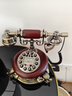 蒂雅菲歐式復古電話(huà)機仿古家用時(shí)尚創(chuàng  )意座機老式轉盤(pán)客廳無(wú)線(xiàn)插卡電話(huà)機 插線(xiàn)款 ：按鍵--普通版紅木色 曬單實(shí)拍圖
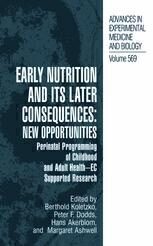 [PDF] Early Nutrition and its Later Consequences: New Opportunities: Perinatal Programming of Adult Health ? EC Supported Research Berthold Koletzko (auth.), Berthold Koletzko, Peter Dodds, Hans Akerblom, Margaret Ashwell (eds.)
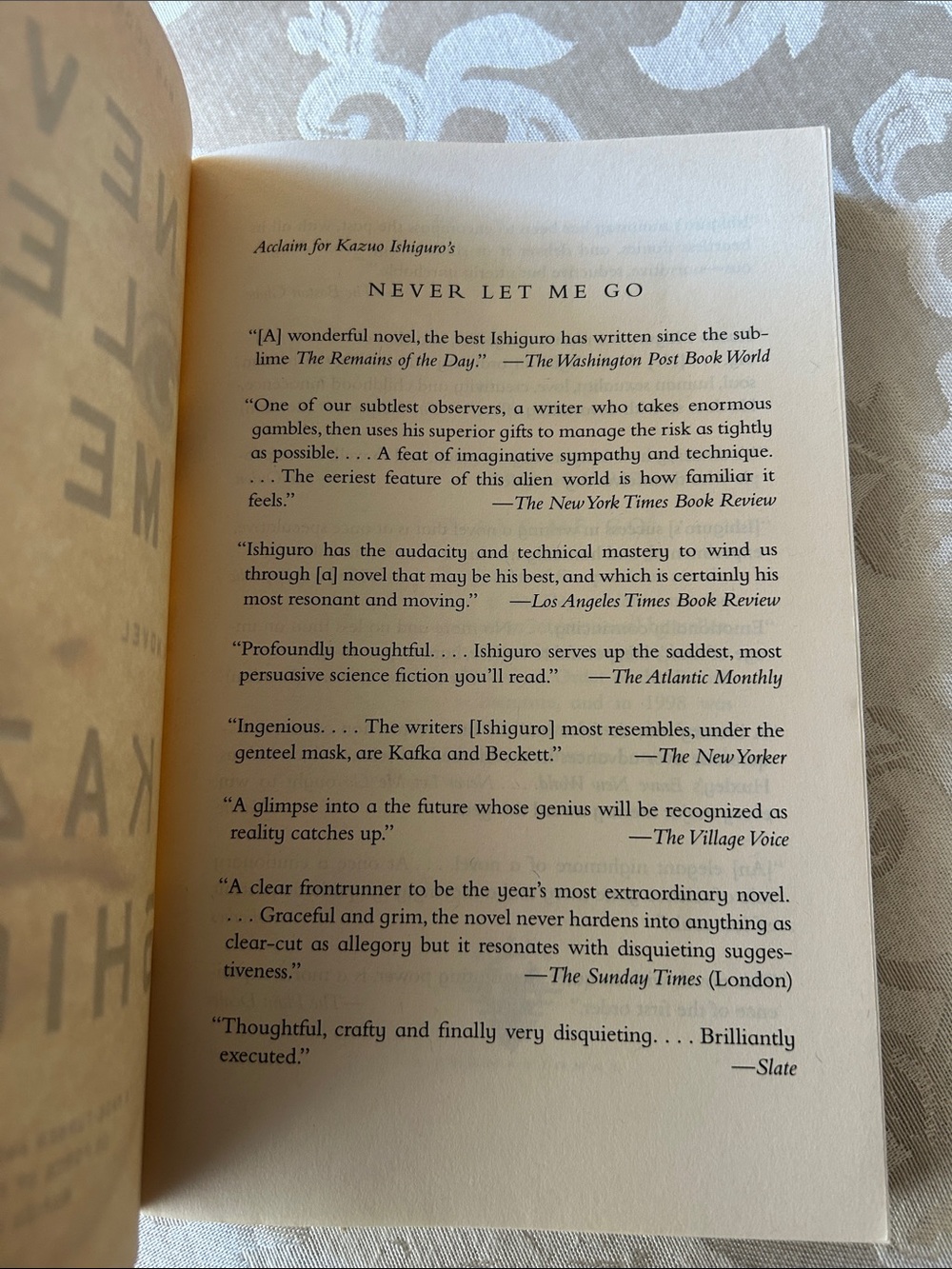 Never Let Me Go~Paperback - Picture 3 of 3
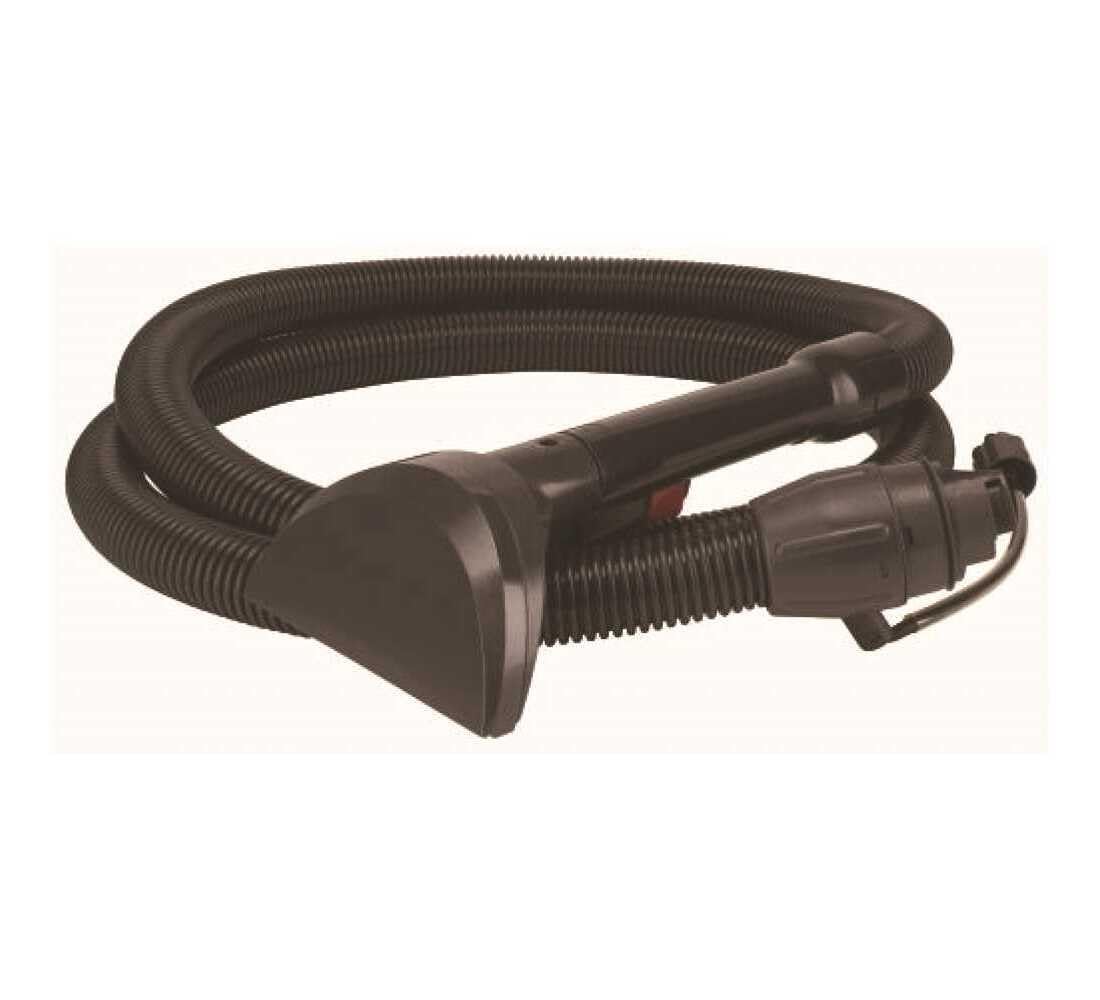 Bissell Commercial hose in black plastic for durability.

######

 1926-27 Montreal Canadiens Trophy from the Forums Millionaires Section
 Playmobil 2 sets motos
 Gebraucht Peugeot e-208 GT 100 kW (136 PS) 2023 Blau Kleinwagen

######

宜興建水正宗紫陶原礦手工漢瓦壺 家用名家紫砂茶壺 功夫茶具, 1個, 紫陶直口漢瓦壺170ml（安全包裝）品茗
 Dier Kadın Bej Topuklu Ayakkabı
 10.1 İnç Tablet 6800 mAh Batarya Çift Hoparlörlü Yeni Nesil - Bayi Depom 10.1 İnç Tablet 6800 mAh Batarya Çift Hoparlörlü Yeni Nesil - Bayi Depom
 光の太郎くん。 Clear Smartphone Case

######

PROBLEM DETAILS — Return exactly the lines above from the line that has "宜興建水正宗紫陶原礦手工漢瓦壺 家用名家紫砂茶壺 功夫茶具, 1個, 紫陶直口漢瓦壺170ml（安全包裝）品茗" through the line that has "光の太郎くん。 Clear Smartphone Case", inclusive, and nothing else.

ANSWER TO THIS TASK —
宜興建水正宗紫陶原礦手工漢瓦壺 家用名家紫砂茶壺 功夫茶具, 1個, 紫陶直口漢瓦壺170ml（安全包裝）品茗
 Dier Kadın Bej Topuklu Ayakkabı
 10.1 İnç Tablet 6800 mAh Batarya Çift Hoparlörlü Yeni Nesil - Bayi Depom 10.1 İnç Tablet 6800 mAh Batarya Çift Hoparlörlü Yeni Nesil - Bayi Depom
 光の太郎くん。 Clear Smartphone Case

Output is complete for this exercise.